── Records supplied ──
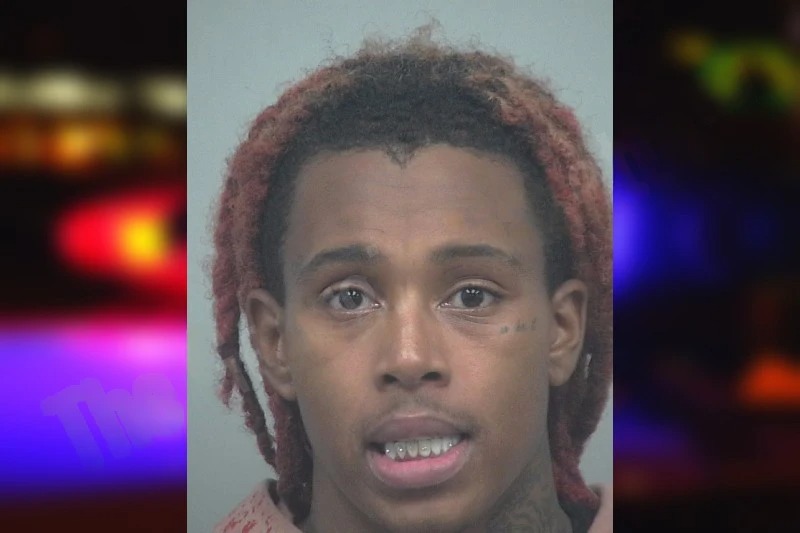 Kobe Romain-Grant Mugshots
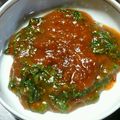 tomorrow?'s cooksnap of when they made 大葉にんにく味噌.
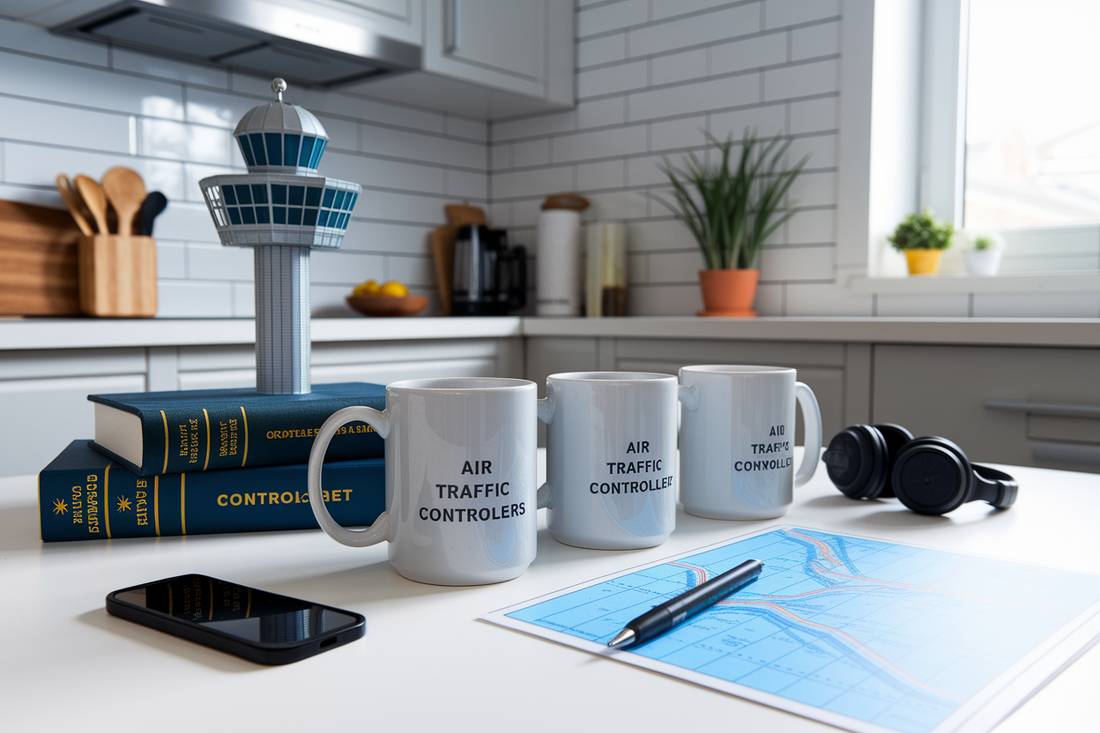 Cover image for 5 Air Traffic Controller Mugs for Aviation Enthusiasts
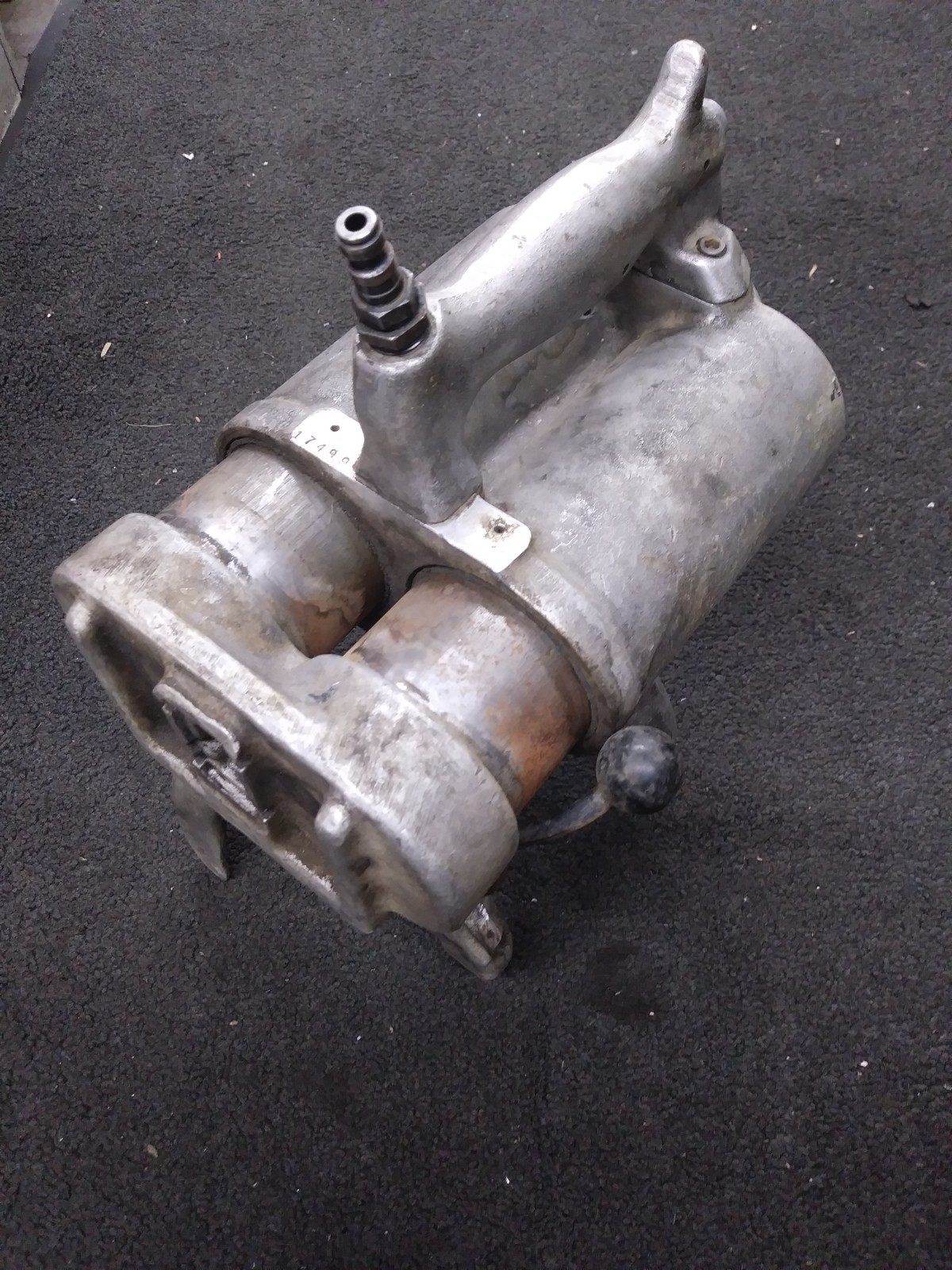 "Air Pirate" GP Tool GP1010 pneumatic McPherson powered Strut Spring Compressor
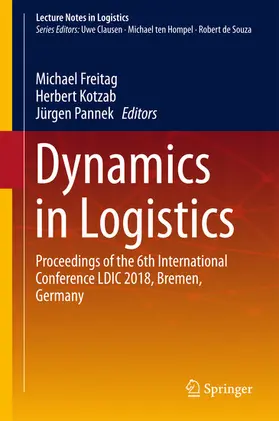 Freitag / Kotzab / Pannek |  Dynamics in Logistics | eBook | Sack Fachmedien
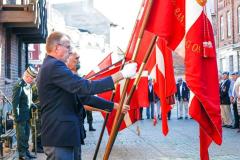 Den 5. september er den officielle flagdag for Danmarks udsendte. Randers Politiorkester spiller og regionschef Mogens Bech taler til veteranerne.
───
Exercise instructions:
Take the preceding listing and transcribe it exactly, skipping the pictures.

Response:
 Kobe Romain-Grant Mugshots
 tomorrow?'s cooksnap of when they made 大葉にんにく味噌.
 Cover image for 5 Air Traffic Controller Mugs for Aviation Enthusiasts
 "Air Pirate" GP Tool GP1010 pneumatic McPherson powered Strut Spring Compressor
 Freitag / Kotzab / Pannek |  Dynamics in Logistics | eBook | Sack Fachmedien
 Den 5. september er den officielle flagdag for Danmarks udsendte. Randers Politiorkester spiller og regionschef Mogens Bech taler til veteranerne.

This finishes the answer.